> What you have to do
Pictures do not belong in the output. Reproduce exactly the lines from the start of the records through the line with "thumbnail image 1".

> Source material
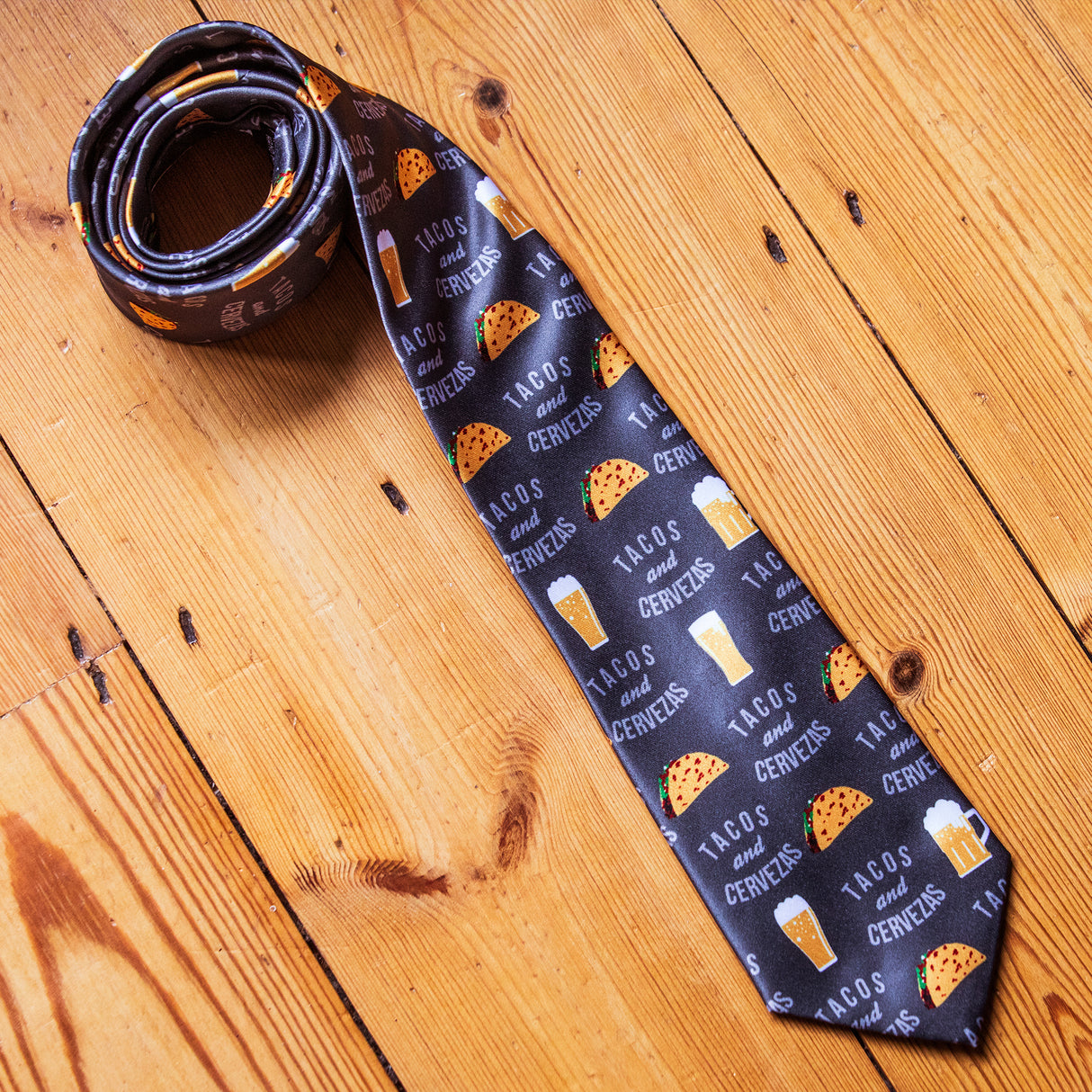 Tacos And Cervezas Necktie Funny Neckties for Men Beer Tie Mens Novelty Neckties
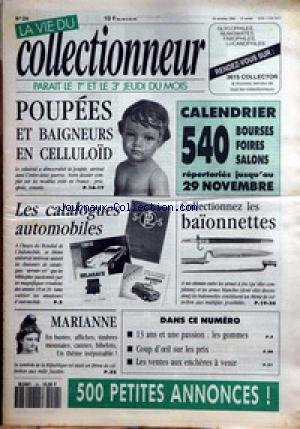 Download VIE DU COLLECTIONNEUR (LA) [No 24] du 15/10/1992 - LES POUPEES ET BAIGNEURS EN CELLULOID - LES CATALOGUES AUTOMOBILES - LES BAIONNETTES - MARIANNE - LES GOMMES.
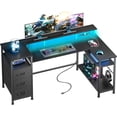 thumbnail image 1 of 55 Inch L Shaped Computer Desk with Power Outlets and LED Lights, Reversible Gaming Desk with File Drawer & Monitor Stand, Corner Gamer Desk Table for Home Office with Storage Shelves,Black, 1 of 16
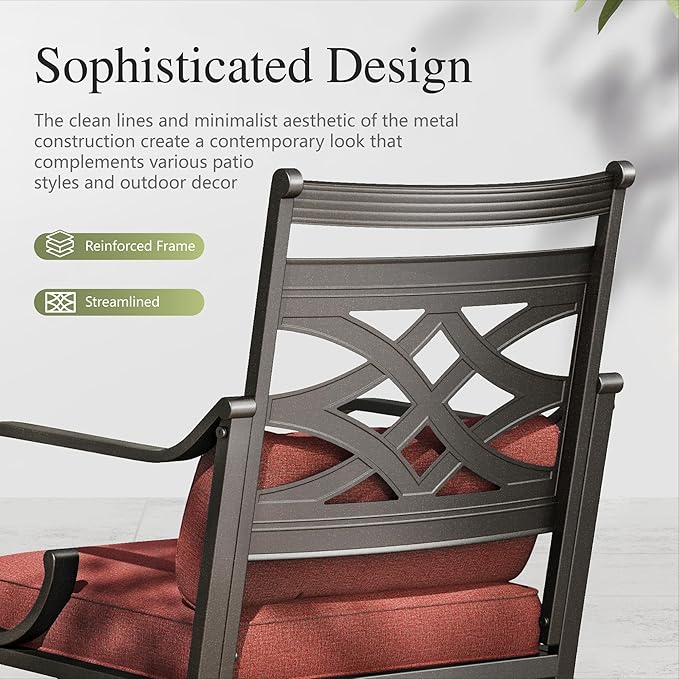 Sophia and William Swivel Outdoor Patio Dining Set for 4, Outdoor Table and Chairs, Removable Seat Cushions, Black 37" Patio Dining Table,Red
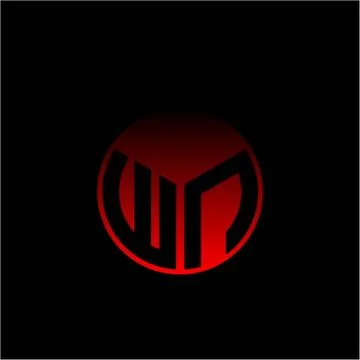 Initial letter W N Modern circle with elegant colored background frame Stock Illustration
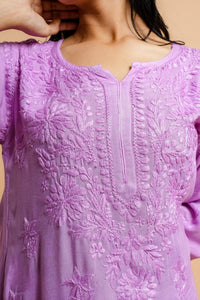 AYVERA Women's Lavender  Rayon Chikankari Palazzo Set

> Response
 Tacos And Cervezas Necktie Funny Neckties for Men Beer Tie Mens Novelty Neckties
 Download VIE DU COLLECTIONNEUR (LA) [No 24] du 15/10/1992 - LES POUPEES ET BAIGNEURS EN CELLULOID - LES CATALOGUES AUTOMOBILES - LES BAIONNETTES - MARIANNE - LES GOMMES.
 thumbnail image 1 of 55 Inch L Shaped Computer Desk with Power Outlets and LED Lights, Reversible Gaming Desk with File Drawer & Monitor Stand, Corner Gamer Desk Table for Home Office with Storage Shelves,Black, 1 of 16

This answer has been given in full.